This year, everyone is a political commentator, even fictional characters from 1980s sitcoms.
With all the blather out there, who can you trust for the straight scoop? My choice is MSNBC's Chuck Todd. His title is Political Director, but he is the numbers guy and, as a friend of mine likes to say, "without good data, you're just another asshole with an opinion."
As Todd points out, behind all the hysteria about Tuesday's Clinton comeback are some hard numbers. Hard, that is, for Senator Clinton to overcome.

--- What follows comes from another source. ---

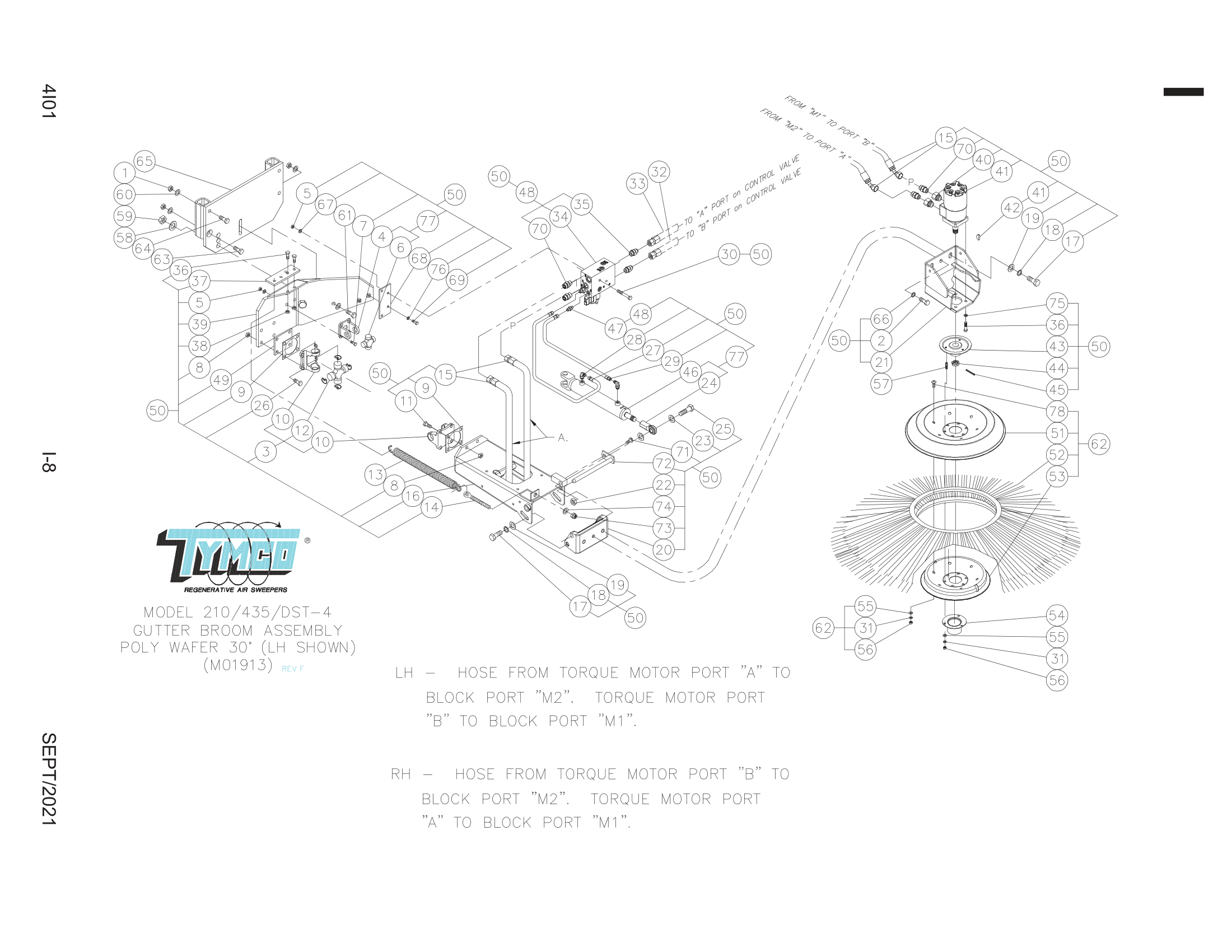 GUTTER BROOM ASSEMBLY - POLY WAFER 30°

Delegate totals have to be estimated because it's unclear which super delegates are committed to whom and because the final delegate allocation from Texas isn't known yet, due to the caucus system. But Todd estimates that the net gain for Senator Clinton from Tuesday is about eight delegates, which leaves her about 140 delegates behind Senator Obama. For her to overtake him, she not only has to win in the remaining primaries, she has to beat him like a drum. Unless his campaign collapses, that seems unlikely.

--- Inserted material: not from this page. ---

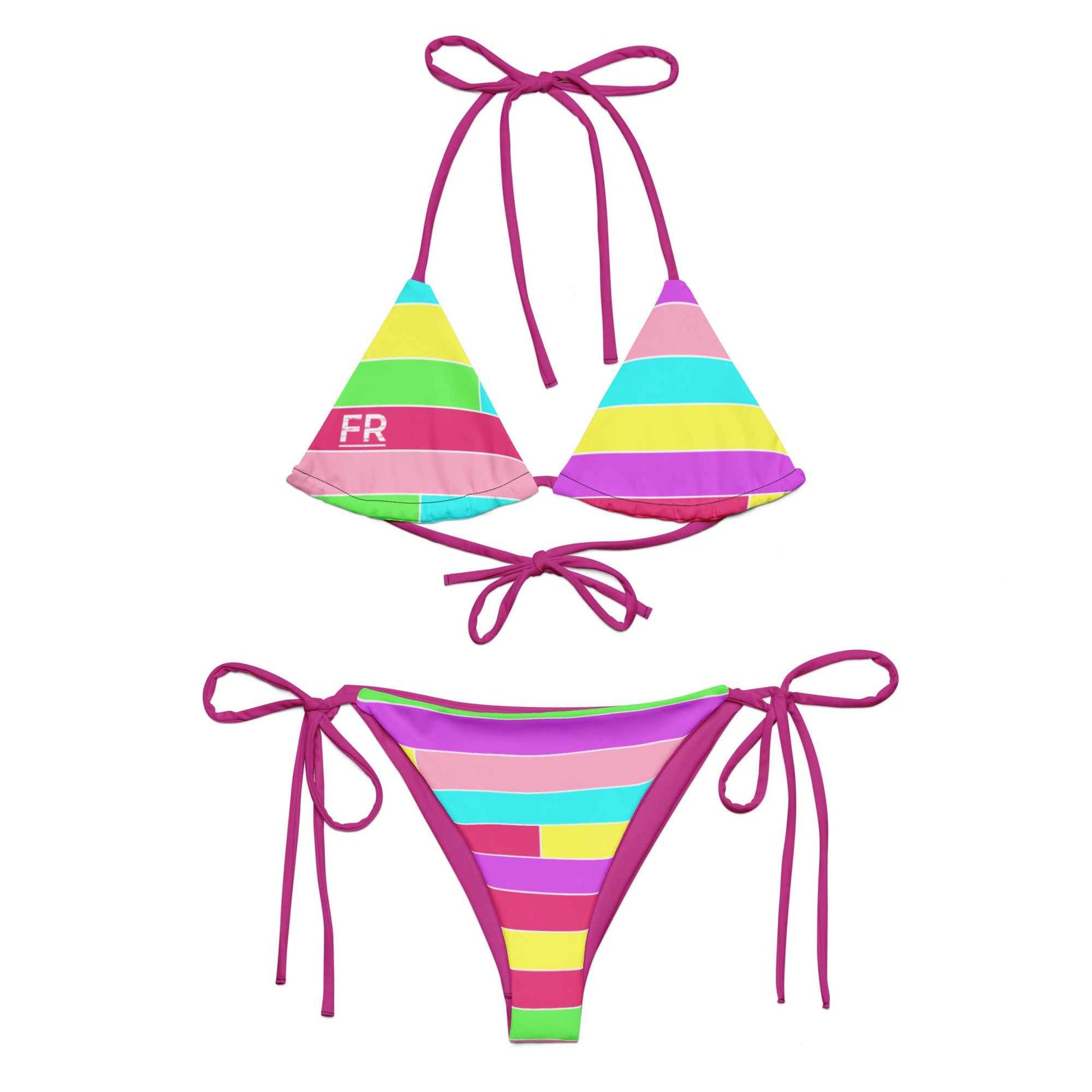 All-over print recycled string bikini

Which explains all of the spinning, especially in the Clinton camp. About all she can do at this point is prevent Obama from getting to the convention with 2,024 delegates (the magic number) already in his pocket. He most likely will finish the primary campaign with the lead in delegates, votes cast and states won. Which is why she is furiously selling the idea that she has done best in the key states Democrats have to win to prevail in November. True enough, but that argument depends on the assumption that large numbers of her supporters in those states won't support the Democratic nominee in the fall. That proposition is debatable, but it's all she has.